Synopsis: Inspired by a young woman handing out tracts on the street, Shiro Lhadatt volunteers to be the first astronaut for a space project. No one else wants to be in Shiro's shoes for some had already died amidst attempts to venture into space. Shiro is determined however, and he's willing to sacrifice his own life if need be. But certain political factions have other plans for the space project...
Review: I always feel a sense of intimidation when reviewing something that's a. critically acclaimed; or b. considered a "classic". Just my luck that Royal Space Force: Wings of Honneamise happens to be both. With my younger brother's incessant warnings about falling asleep in mind, I watched the two-hour spectacle unfold. There's so much riding on this title. Renowned film critic Roger Ebert is all praises for it. Almost every online review I read gave it the highest ratings. It's one of the most expensive animated films ever made to boot.

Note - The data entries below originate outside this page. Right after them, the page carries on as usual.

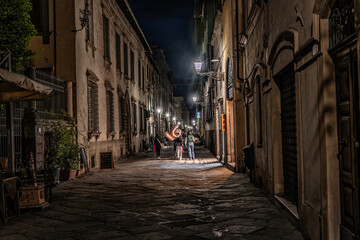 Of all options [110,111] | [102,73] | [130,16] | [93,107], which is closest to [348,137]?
[93,107]

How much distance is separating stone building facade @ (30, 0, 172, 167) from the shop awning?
4.51 meters

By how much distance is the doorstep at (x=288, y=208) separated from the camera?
5.47 meters

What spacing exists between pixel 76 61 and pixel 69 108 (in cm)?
174

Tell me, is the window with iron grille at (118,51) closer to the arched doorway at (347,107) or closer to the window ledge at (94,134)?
the window ledge at (94,134)

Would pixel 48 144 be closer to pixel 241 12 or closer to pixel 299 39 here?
pixel 241 12

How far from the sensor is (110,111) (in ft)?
61.8

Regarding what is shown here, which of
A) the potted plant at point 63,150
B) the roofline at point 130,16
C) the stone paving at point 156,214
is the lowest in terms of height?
the stone paving at point 156,214

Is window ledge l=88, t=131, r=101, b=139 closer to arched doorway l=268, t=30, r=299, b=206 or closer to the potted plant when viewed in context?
the potted plant

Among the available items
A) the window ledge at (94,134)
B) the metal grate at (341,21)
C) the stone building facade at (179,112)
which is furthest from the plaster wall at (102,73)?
the stone building facade at (179,112)

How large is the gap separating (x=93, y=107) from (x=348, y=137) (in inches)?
518

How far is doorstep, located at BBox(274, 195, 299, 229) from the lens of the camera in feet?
17.9

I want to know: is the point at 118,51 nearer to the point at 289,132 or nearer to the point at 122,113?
the point at 122,113

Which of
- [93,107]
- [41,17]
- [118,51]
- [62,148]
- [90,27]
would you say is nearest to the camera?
[62,148]

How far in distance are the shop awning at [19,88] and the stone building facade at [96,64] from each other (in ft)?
14.8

Wings of Honneamise is set in a world much like our own. Everything's a lot like Earth -- the people, the culture, etc. but it's not Earth. It's a time where space travel still considered a fantasy by most, with only a few who are willing to try and make it a reality. Thus when Shiro volunteers for the space project, his colleagues are flabbergasted. After previous unsuccessful attempts (some even resulting in death), one would have to be crazy to volunteer. But Shiro had the vision and the open-mindedness to see past the bad, and he truly believed that what he'd be doing would help mankind advance into the future. There was no turning back, and so the story goes...

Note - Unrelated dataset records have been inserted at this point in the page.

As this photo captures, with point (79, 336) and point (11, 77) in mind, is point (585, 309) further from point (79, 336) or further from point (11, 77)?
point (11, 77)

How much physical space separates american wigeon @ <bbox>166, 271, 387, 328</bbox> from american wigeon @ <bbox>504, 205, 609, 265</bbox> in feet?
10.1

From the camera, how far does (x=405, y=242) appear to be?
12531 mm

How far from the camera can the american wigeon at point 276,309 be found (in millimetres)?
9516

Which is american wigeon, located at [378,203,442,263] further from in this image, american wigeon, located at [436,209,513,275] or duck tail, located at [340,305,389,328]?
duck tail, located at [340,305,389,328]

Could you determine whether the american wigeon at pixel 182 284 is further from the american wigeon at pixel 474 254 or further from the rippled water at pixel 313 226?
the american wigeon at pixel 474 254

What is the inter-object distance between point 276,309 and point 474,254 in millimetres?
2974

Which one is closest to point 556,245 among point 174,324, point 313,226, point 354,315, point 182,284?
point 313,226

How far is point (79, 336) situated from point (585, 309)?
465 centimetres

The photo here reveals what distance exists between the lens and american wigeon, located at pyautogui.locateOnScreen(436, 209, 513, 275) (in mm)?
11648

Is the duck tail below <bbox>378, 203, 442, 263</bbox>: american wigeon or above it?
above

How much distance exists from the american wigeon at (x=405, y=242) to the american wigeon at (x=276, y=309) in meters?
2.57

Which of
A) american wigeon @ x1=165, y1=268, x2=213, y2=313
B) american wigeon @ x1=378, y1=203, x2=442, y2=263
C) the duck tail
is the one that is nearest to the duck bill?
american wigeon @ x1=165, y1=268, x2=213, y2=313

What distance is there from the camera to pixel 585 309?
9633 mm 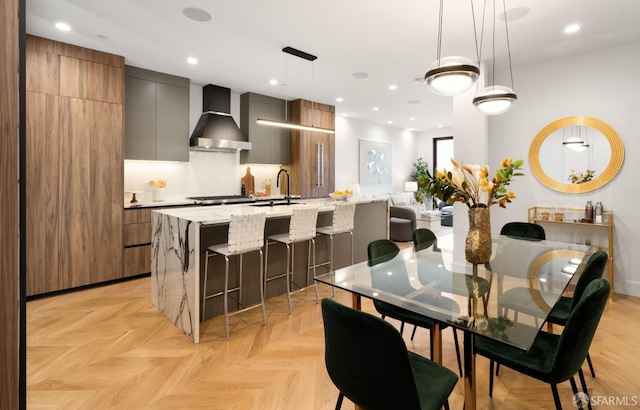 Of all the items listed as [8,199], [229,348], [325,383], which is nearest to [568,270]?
[325,383]

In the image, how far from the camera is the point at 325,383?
2146 mm

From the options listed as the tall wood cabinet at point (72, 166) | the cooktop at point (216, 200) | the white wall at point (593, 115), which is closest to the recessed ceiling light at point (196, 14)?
the tall wood cabinet at point (72, 166)

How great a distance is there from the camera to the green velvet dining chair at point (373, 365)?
3.65 ft

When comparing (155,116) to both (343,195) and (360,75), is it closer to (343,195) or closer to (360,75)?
(343,195)

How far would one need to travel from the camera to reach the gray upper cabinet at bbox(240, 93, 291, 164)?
5906mm

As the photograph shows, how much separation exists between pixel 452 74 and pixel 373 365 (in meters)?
1.71

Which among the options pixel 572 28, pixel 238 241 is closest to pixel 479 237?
pixel 238 241

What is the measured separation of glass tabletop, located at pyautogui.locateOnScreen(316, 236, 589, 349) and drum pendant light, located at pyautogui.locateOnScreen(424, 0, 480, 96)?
1.16 metres

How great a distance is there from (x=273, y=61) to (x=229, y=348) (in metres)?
3.50

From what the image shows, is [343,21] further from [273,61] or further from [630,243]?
[630,243]

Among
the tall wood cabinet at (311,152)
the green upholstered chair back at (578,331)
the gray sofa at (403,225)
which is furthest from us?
the gray sofa at (403,225)

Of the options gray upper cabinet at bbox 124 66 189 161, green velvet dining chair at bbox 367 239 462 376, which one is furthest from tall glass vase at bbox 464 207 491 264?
gray upper cabinet at bbox 124 66 189 161

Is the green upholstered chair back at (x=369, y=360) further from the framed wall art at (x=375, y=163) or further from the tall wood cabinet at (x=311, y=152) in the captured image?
the framed wall art at (x=375, y=163)

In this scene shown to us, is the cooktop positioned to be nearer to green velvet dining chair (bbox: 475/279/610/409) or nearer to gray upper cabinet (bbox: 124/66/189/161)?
→ gray upper cabinet (bbox: 124/66/189/161) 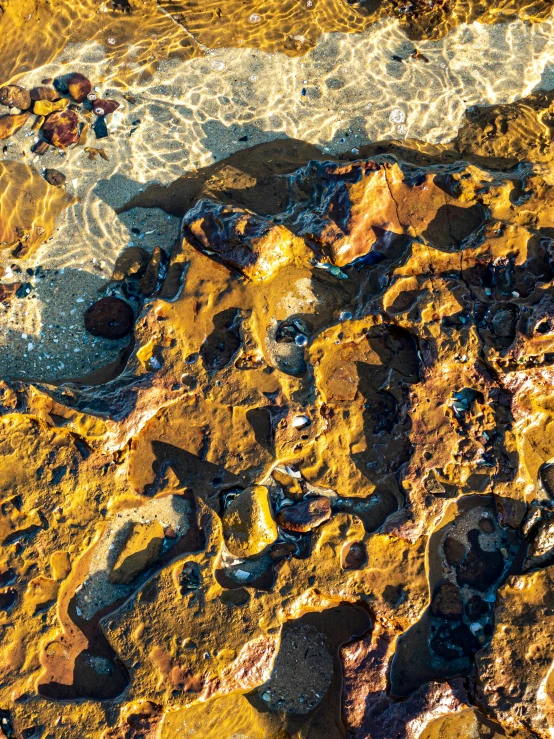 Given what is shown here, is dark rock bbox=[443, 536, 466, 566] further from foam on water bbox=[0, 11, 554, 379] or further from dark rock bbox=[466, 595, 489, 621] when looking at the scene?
foam on water bbox=[0, 11, 554, 379]

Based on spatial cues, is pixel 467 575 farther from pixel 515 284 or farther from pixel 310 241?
pixel 310 241

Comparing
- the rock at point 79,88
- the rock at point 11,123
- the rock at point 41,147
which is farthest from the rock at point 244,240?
the rock at point 11,123

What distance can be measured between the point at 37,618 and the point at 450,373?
4.80 meters

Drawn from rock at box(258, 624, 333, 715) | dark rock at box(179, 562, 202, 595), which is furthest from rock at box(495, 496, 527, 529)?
dark rock at box(179, 562, 202, 595)

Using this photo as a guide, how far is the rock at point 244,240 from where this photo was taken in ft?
19.3

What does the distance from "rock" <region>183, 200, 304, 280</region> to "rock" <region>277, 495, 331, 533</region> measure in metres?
2.51

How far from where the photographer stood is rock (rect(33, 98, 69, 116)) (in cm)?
738

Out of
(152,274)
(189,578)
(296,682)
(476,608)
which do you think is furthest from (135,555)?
(476,608)

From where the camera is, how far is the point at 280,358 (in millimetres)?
5723

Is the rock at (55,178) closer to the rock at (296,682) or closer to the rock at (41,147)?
the rock at (41,147)

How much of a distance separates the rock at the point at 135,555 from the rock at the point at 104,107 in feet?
18.6

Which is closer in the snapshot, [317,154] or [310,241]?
[310,241]

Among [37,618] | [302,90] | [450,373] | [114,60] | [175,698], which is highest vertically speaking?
[114,60]

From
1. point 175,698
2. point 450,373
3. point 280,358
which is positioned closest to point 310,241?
point 280,358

Wings of Honneamise possesses a certain realism which is not unlike what you'd experience when watching so-called "serious" titles such as "Grave of the Fireflies" or "Rail of the Star". It has a very mature approach to the subject at hand, and I can understand why younger viewers would not be able to appreciate it fully. I liked the way the main character Shiro gradually developed along with the situation, and I found myself rooting for him and the project till the end. It's a story about how man transcends various obstacles in order to progress. But I also read that in portraying a world without belief in space travel, Gainax (Yes, it is from Gainax!) also meant to portray a society without belief in the potential of anime. This film is open to so many levels of interpretation -- there are various religious, moral, cultural, and political issues to contend with amidst the basic premise of man's first journey to space. Yet despite that, no part of it is hard to understand. It's straightforward storytelling without cryptic dialogues and symbolisms.
The art and animation are quite impressive, especially for something that was originally released way back in 1987. The character designs are rather dour though, although Shiro strikes me as something of a great big teddy bear with his friendly face. Each scene is rendered in great detail, making it fairly obvious that no expense was spared in the making of this film.
Wings of Honneamise is an excellent piece, but I suggest you make sure that you like this kind of heavy stuff before grabbing yourself a copy.
Miscellanies: Wings of Honneamise was a box-office disaster in its original release.